Discurso
Pronunciado por Francisco Pi y Margall
en el Centro Federal de Madrid la noche
del 29 de Septiembre de 1891
Queridos
consocios: Habéis elegido para abrir las conferencias
de este Casino un día memorable en los fastos de
la Historia. Cayó, hace hoy veintitrés
años, la dinastía de los Borbones, una dinastía
que había regido durante siglo y medio los destinos
de España. Se la había destronado el año
1808; mas no por el pueblo, sino por Bonaparte. El año
1868 fue el pueblo el que la arrojó del reino.
¿Qué causas pudieron producir tan inesperado
acontecimiento?
Ocupaba
el trono doña Isabel, una mujer que en los primeros
días de su reinado había sido aclamada con
frenético entusiasmo en los combates donde le disputaba
la corona la rama de D. Carlos. Gracias á su manera
de proceder llegó á ser odiosa. Había
aprendido en la escuela de doña María Cristina,
su madre; y, sobre ser avara en las reformas, tendía
siempre menoscabar los derechos de los ciudadanos. Desde
que se la declaró mayor de edad se echó en
brazos de los conservadores, y no llamó
nunca al poder á los liberales sino por la fuerza.

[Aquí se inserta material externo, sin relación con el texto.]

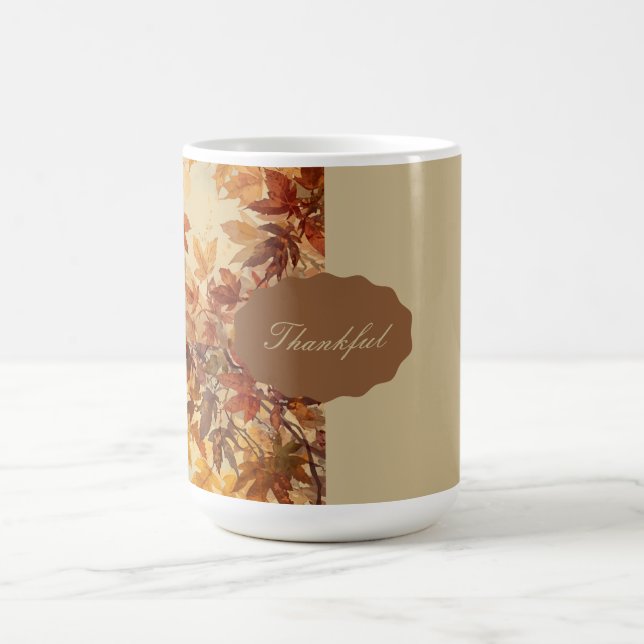 Elegant,Smaksegel, Höstlöv,Rustik Kaffemugg (Center)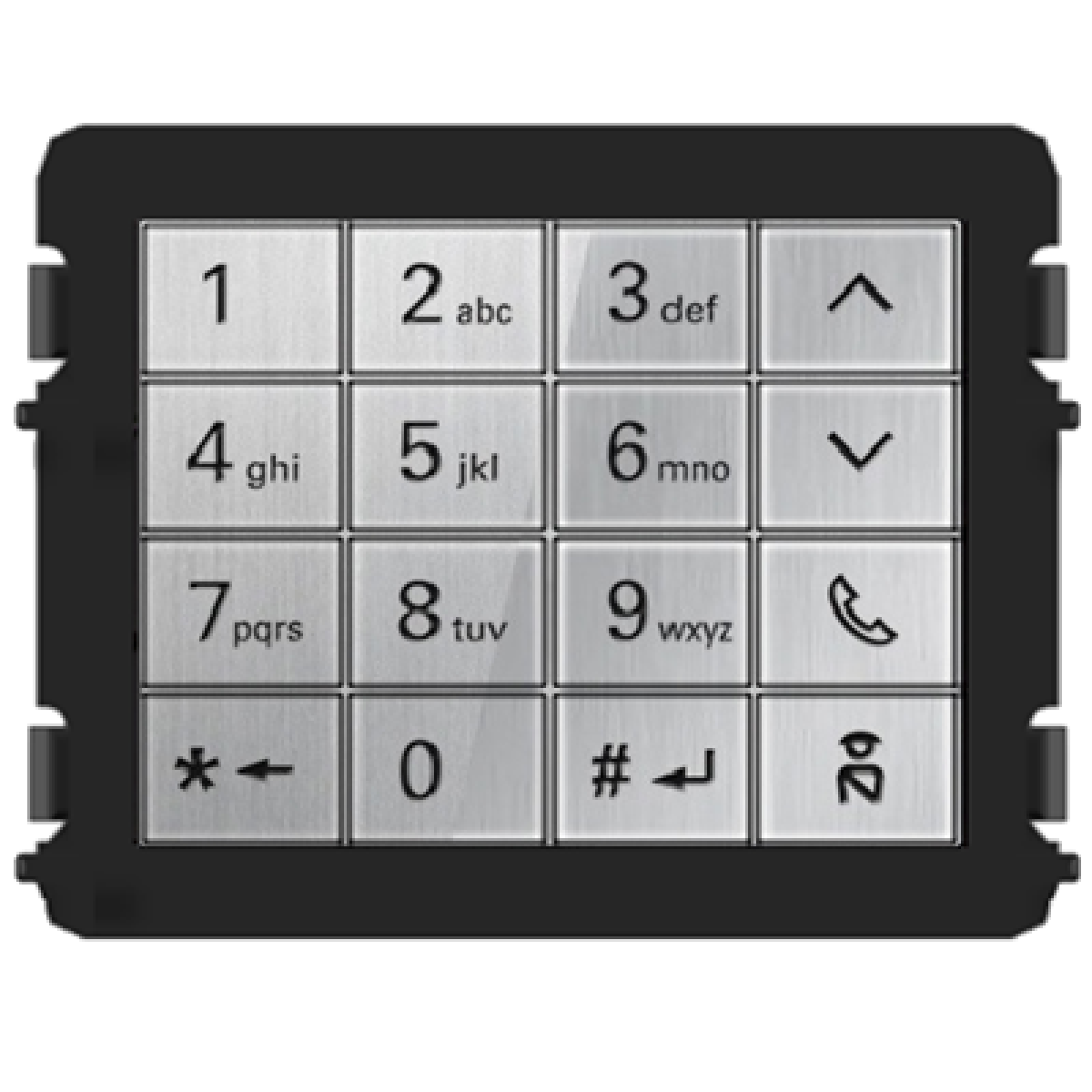Keypad module, aluminium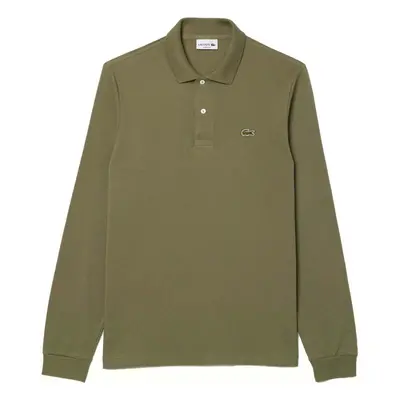 Lacoste Classic Fit Long Sleeve Polo Shirt Khaki Green Zelená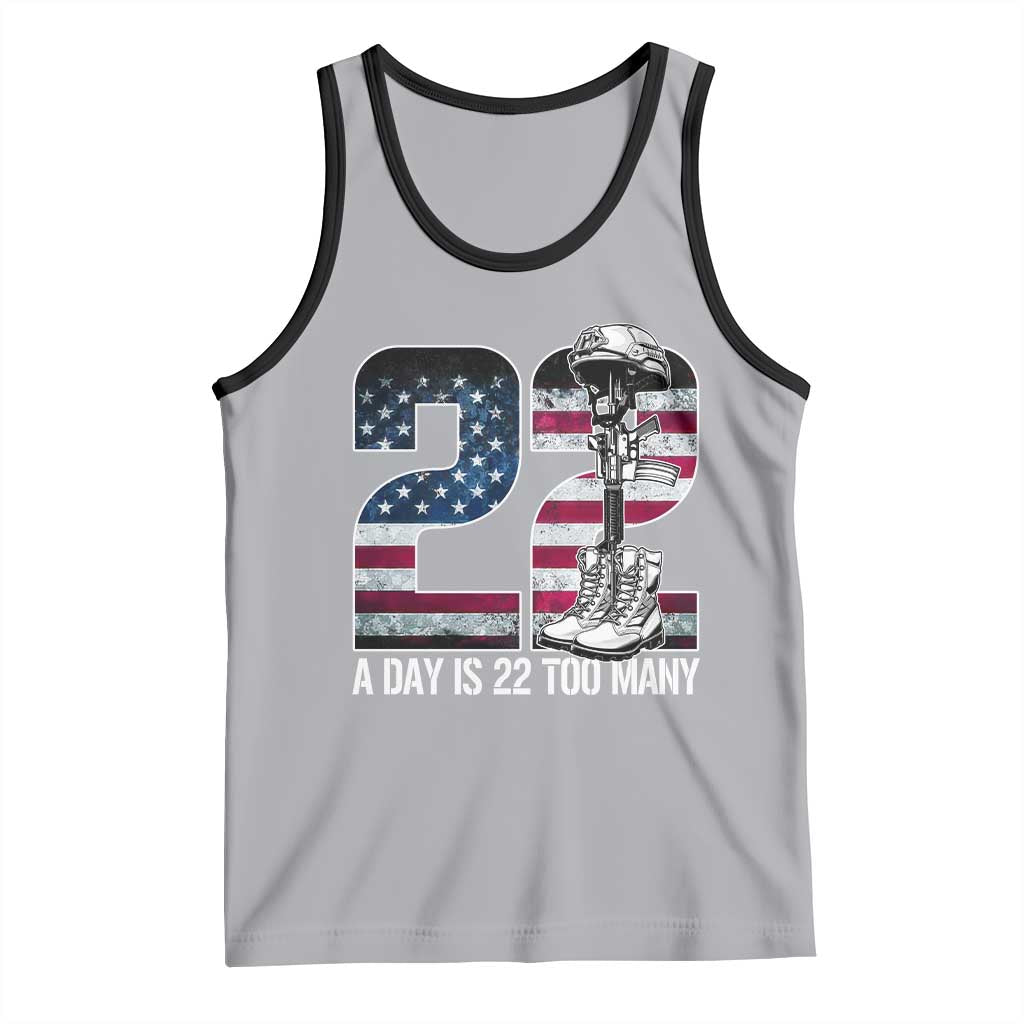 Veteran Suicide Awareness Tank Top 22 A Day is 22 Too Many Veteran Lives Matter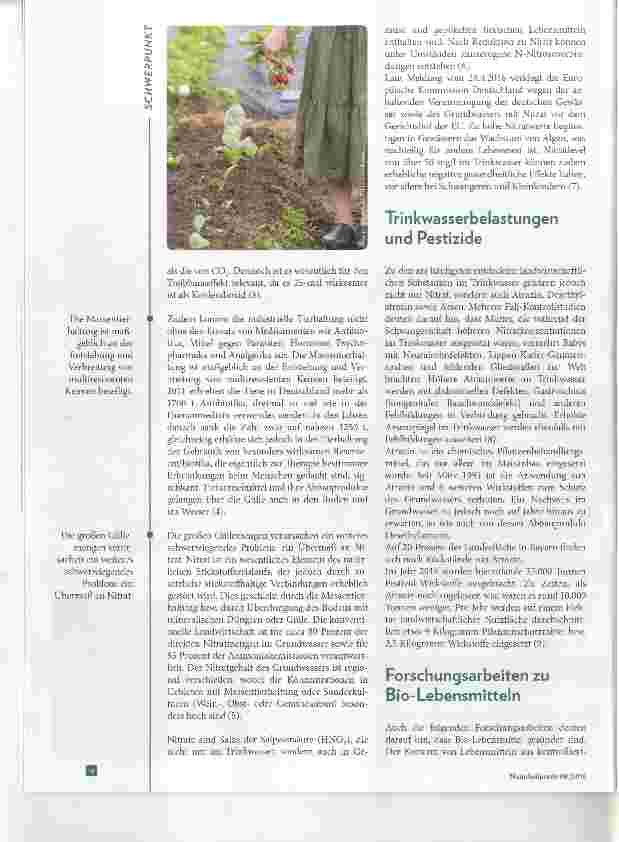 Vorschauseite 2: Bio ist nicht nur gesünder Warum Lebensmittel aus kontrolliertbiologischem Anbau besser sind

Los llamó sólo el año 1854, después
de la sublevación de O'Donnell en el Campo de Guardias
y de la de Espartero en Zaragoza; y los despidió
apenas se lo permitió la rivalidad entre Espartero
y O'Donnell. Se deshizo á poco del mismo O'Donnell
y volvió á entregarse a los conservadores.

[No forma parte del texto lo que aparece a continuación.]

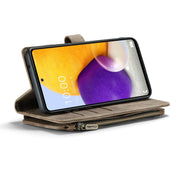 For Samsung Galaxy A72 CaseMe-C30 Multifunctional Horizontal Flip PU + TPU Phone Case(Brown)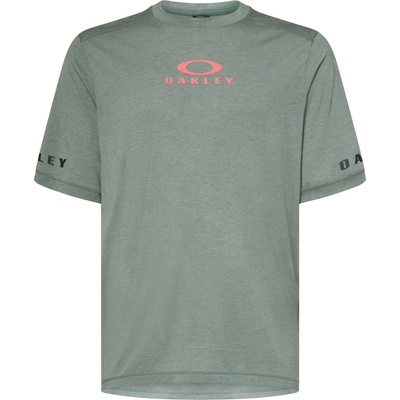 Oakley Мъжка фланелка с къс ръкав за колоездене Oakley Seeker Flow S/S Jersey Cycling jersey - Aviator Green (056-3982-0111)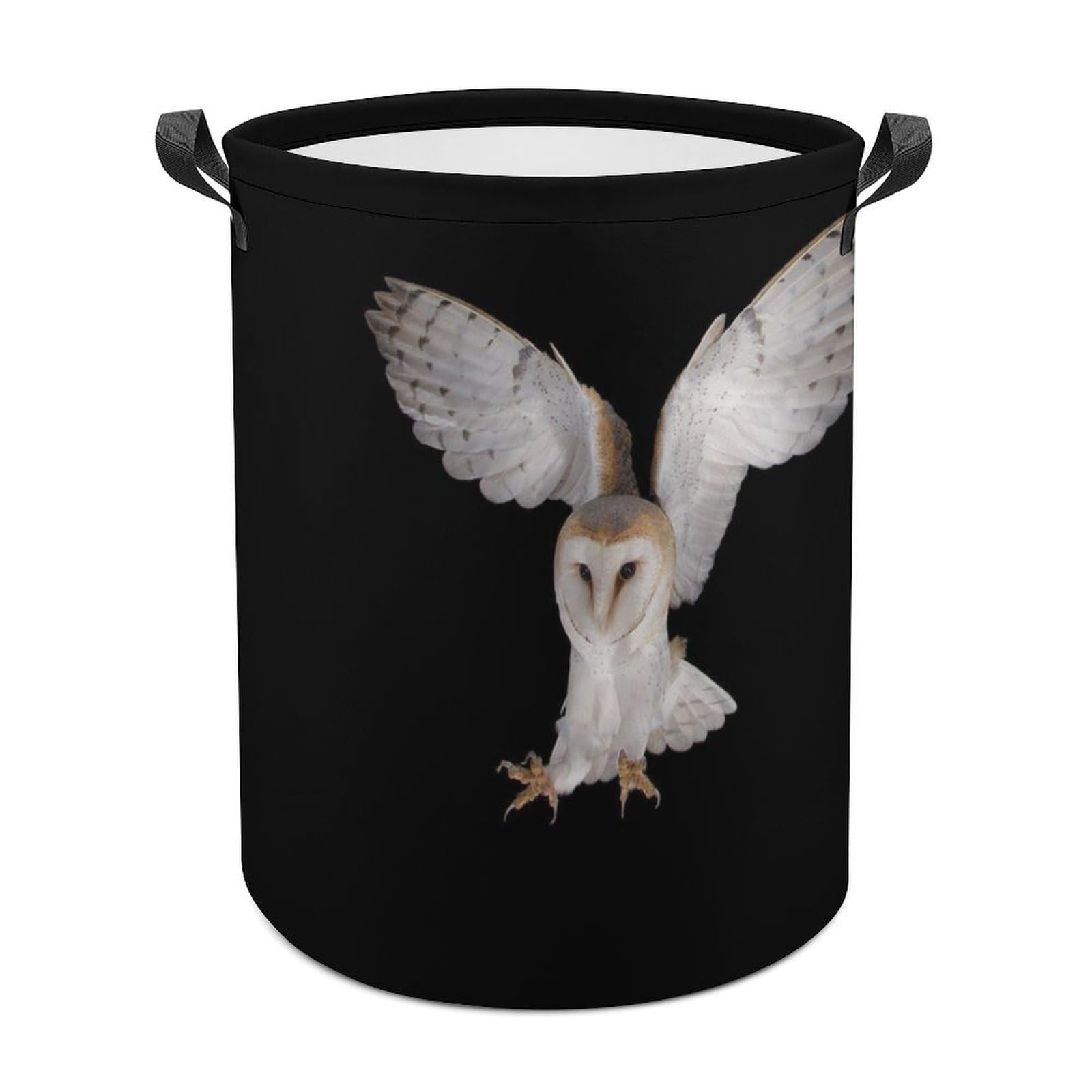 Wlntrophic Laundry Hamper, Barn Owl Laundry Basket, Washing Basket with Handle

Desde entonces hasta el año 1868 prometió
repetidas veces el poder á los liberales; se lo prometió
personalmente al general Prim, de quien parecía haberse
agradado por el heroísmo que mostró en Africa
y por lo acertadamente que supo cortar la guerra de Méjico.
No cumplió nunca su promesa, y lanzó al general
Prim y los suyos por las vías revolucionarias.
Sublevóse
Prim en los primeros días de Enero de 1866 al frente
de unos escuadrones; y, aunque por no haber hallado en el
ejército el apoyo que esperaba, hubo de entrar en
el vecino reino de Portugal, no desistió ya de la
empresa de ganar por la fuerza lo que por las vías
legales y amistosas no había conseguido. Hubo aquel
mismo año una sublevación en Madrid, apoyada
por parte del ejército; hubo al año otra en
Aragón, donde murió Manso de Zúñiga;
hubo conatos de otra en Valencia, á donde acudió
el general Prim en persona; y bien que en todas salió
vencedor el Gobierno, no dejaba de ir quebrantándose
la autoridad de la reina.
Doña Isabel, sin embargo, se creía más
poderosa cada vez que obtenía un triunfo sobre los
rebeldes. Después de haber sofocado el movimiento
de Madrid y haber impíamente fusilado aquellos sesenta
sargentos, que eran la flor de la juventud y del ejército,
tan fuerte se creyó, que se desprendió de
O’Donnell, á quien había hecho servir
de verdugo, y se entregó desenfrenadamente
á la reacción, sirviéndose primero
del brazo de Narváez y después del de González
Bravo, de aquel hombre que había pasado repentinamente
de demagogo á conservador, y había sido el
año 1844 el azote de los liberales. No ocultó
entonces su designio de rasgar la Constitución y
substituirla con otra, según las palabras de su Gobierno,
adecuada a las tradiciones de la monarquía.
Había
ya demostrado doña Isabel su espíritu reaccionario
en la formación del ministerio-relámpago,
en el nombramiento del marqués de Miraflores y, sobre
todo, en los sucesos de San Carlos de la Rápita,
de los que, no sin razón, se la considera cómplice.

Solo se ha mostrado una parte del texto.